Fazit: “Trettmann” ist ein stimmiges und gelungenes Album, und doch zieht man schnell mal Vergleiche zur großen Schwester. Textlich ist das Album stellenweise schwach und sehr ähnlich. Der inhaltliche Höhepunkt findet sich definitiv mit “Stolpersteine”, andere Songs sind zwar in kreativer Tretti-Manier gehalten, ähneln sich an manchen Stellen jedoch zu sehr.
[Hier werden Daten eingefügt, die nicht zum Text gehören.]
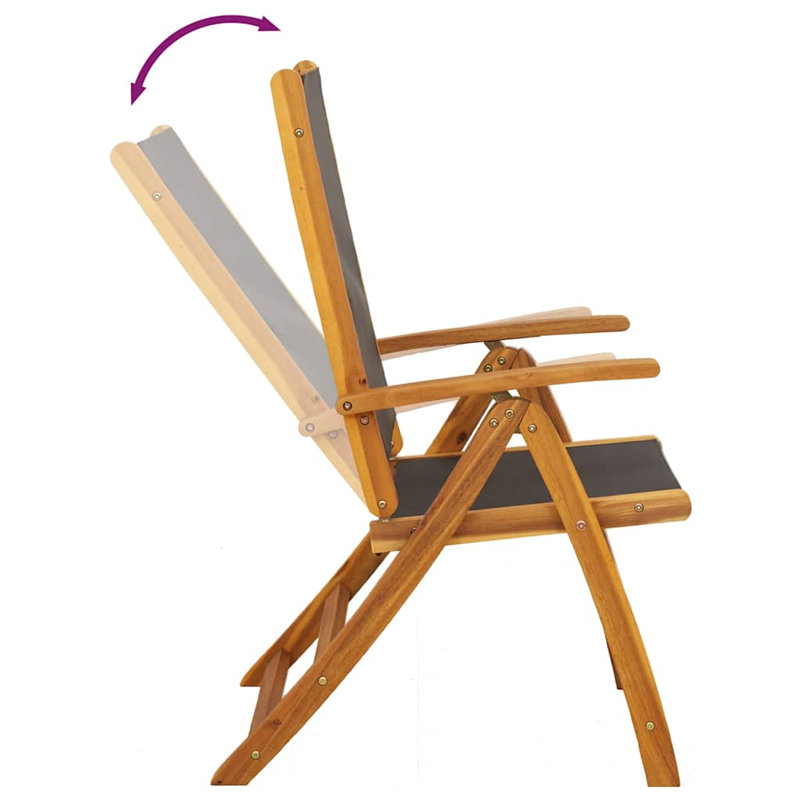 Patio Chair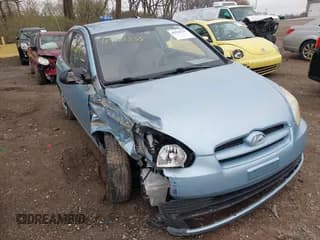 ✅ 2008 Hyundai Accent GS • VIN: KMHCM36C68U060997 • Лот: 41920335. Опубликован ранее на IAAI с пробегом 99 858 миль. Бесплатный доступ к архиву аукционных продаж из США и подробный отчёт об истории автомобиля на DreamBid. Изображение 1.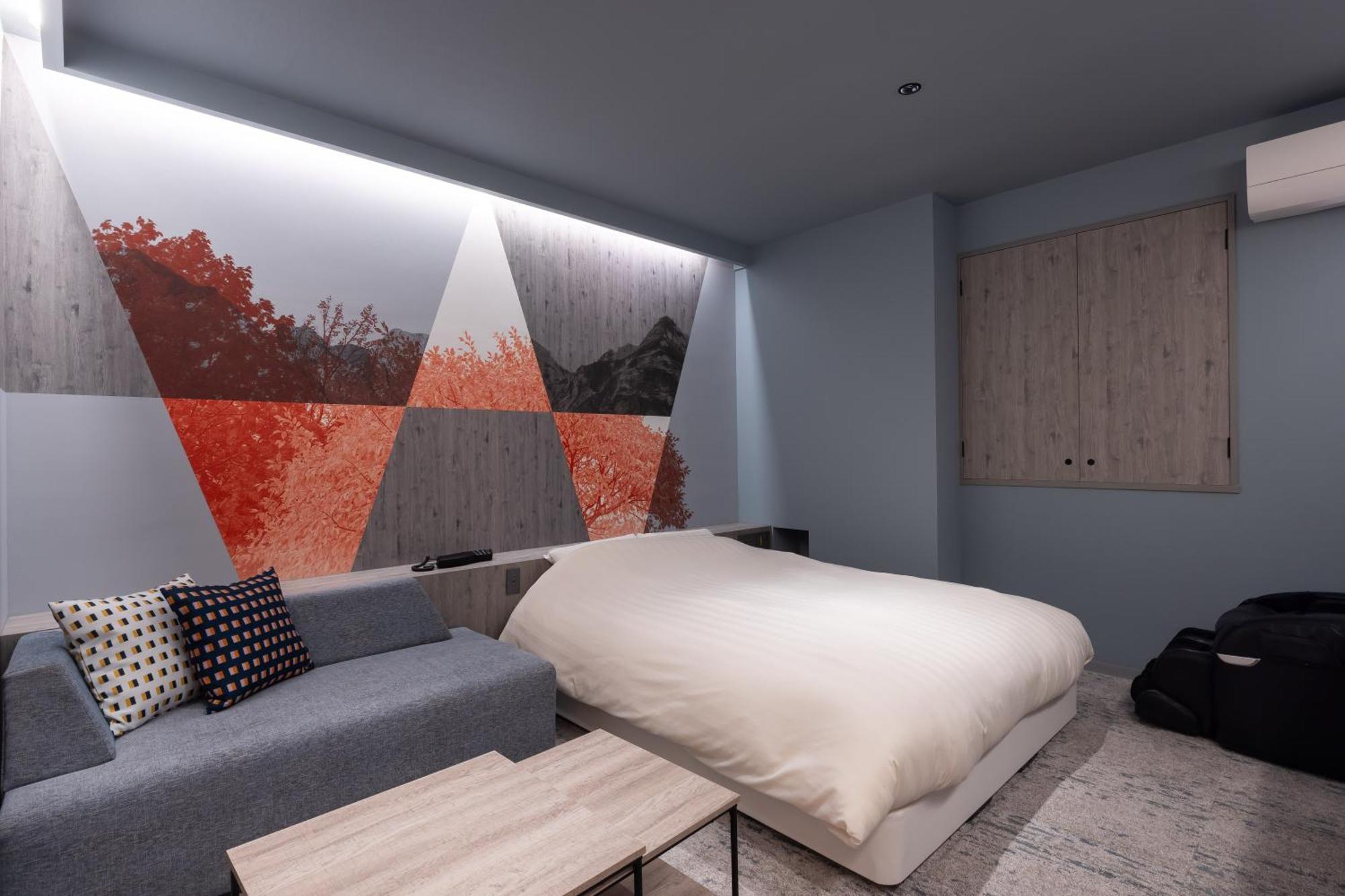 Hotel Foroot - Adult Only Macumoto Kültér fotó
Dem Vibe der Platte hätten ein paar mehr Kracher wie “Grauer Beton” oder auch “Standard” durchaus gut getan. Und auch wenn manche Tracks schwächeln, bleibt der von Trettmann angenehm versprühte Vibe in den elf Tracks bestehen. Es bleibt abzuwarten, was Trettmann nach dieser über mehrere Jahre andauernden Erfolgswelle von qualitativ hoch gesteckten Tracks noch abzuliefern vermag. Ob er das zukünftig konsequent fortsetzen kann, bleibt offen. So warnt er doch selbst bereits: “So gut wie heute wird’s nie wieder.”

3,5 von 5 Ananasse

Am 8. Dezember ist Trettmann live im Wiener Gasometer zu sehen, tags darauf im Posthof Linz.